What does a blobfish look like in its natural environment?


The blobfish is often considered the “ugliest fish in the world” (it was even “awarded” this title at a British Science Festival in 2013) largely because most people encounter this creature living in it. deep water after it was hastily pulled to the surface in a fishing net. The change in pressure between the blobfish’s natural environment (a depth of about 3,000 feet) and the open air has a dramatic effect on the fish’s body and makes this deep-water creature look like, well, a drop. .

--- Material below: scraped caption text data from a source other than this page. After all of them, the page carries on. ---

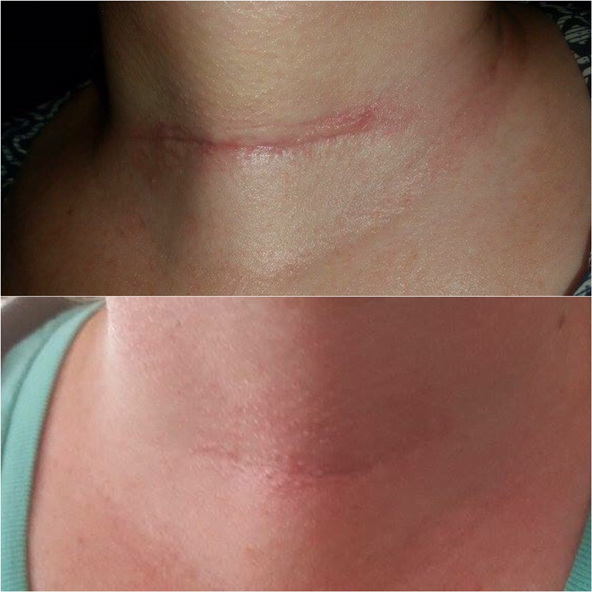 Stretch Markscar Repair Leesscience Dispensary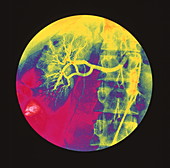 Coloured angiogram X-ray of a healthy kidney
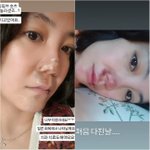 [종합] "코수술, 중형차값 들였는데"…고은아, 빙판에 대형...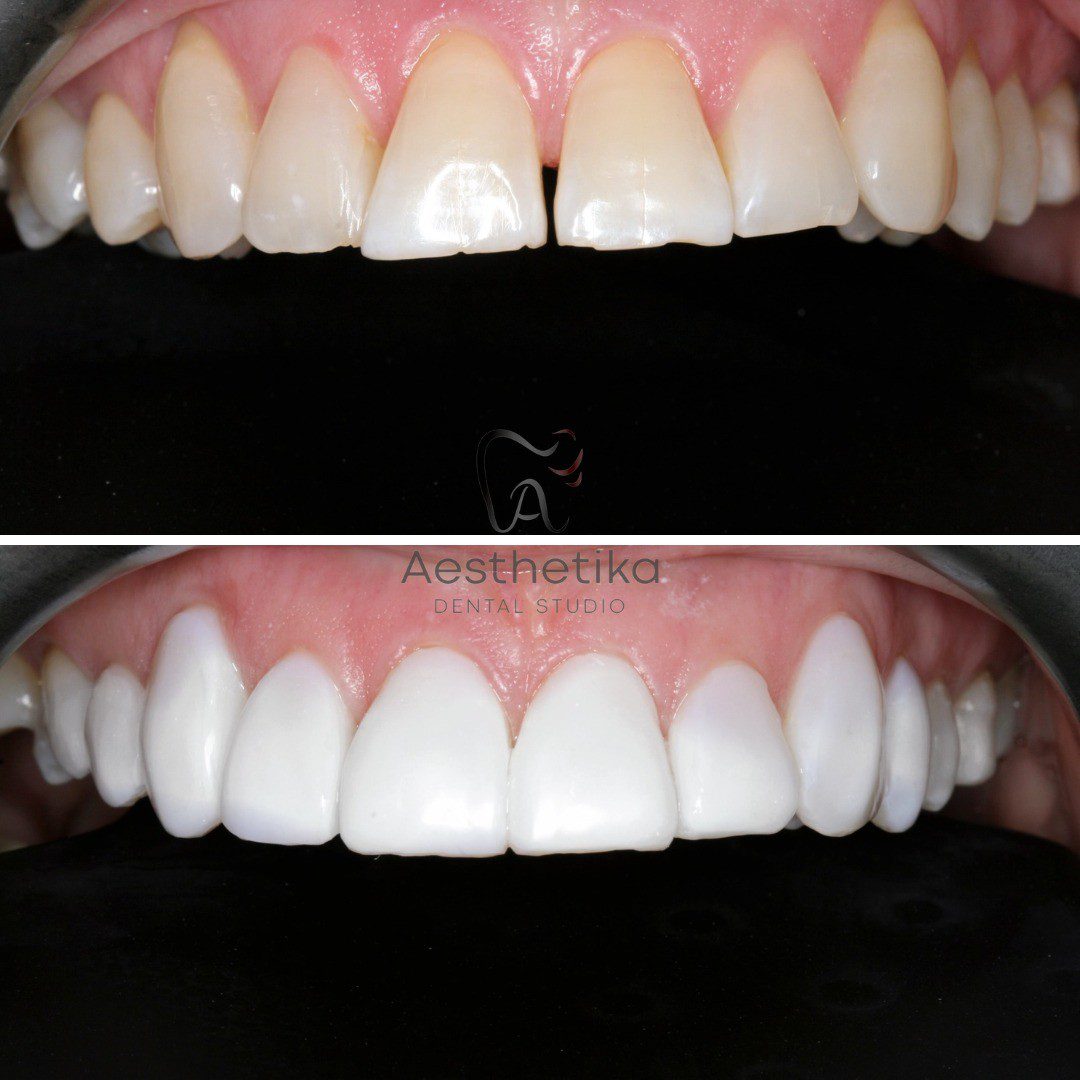 Cosmetic-Dentist-Aesthetika-11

The nonprofit environmental group Ocean Conservancy writes:

There are several species of blobfish in the Psychrolutidae family, all of which are deep-sea dwellers that inhabit 2,000 to 4,000 feet below sea level. At these depths, the pressure is up to 120 times greater. than on the surface, forcing the blobfish to adapt. They don’t have a lot of bones or muscles, which allows the pressure of the deep sea to provide structural support to their bodies. When brought to the surface, the blobfish decompresses, giving it the iconic gelatinous look we all know and love.

In its natural habitat, however, the blobfish is much less blobby.

In April 2021, an image began circulating on social media that supposedly showed a blobfish in its natural habitat:

This is a real photo of a blobfish that was taken around 2017 in an aquarium in Japan. While this may not be the blobfish’s natural habitat, it does show a blobfish living underwater.

In 2020, the Aquamarine Fukushima aquarium captured another bobflish that was on display. There are several photographs and videos of this blobfish, which they lovingly named Bob, on the aquarium social media accounts:

Here’s another video of Bob the Blob’s diet:

The aquarium writes:

The fish (Psychrolutes phrictus) is called blobfish or sculpin blob in English. This is because fish are grotesque in appearance when caught as a bycatch in bottom trawls. But the living blobfish (we call it Bob) is so cute with a big head, small eyes, and many plump little mustache-like threads. Bob started to eat sweet shrimp (Pandalus eous). We think Bob will live a long time. Come see the cute Bob!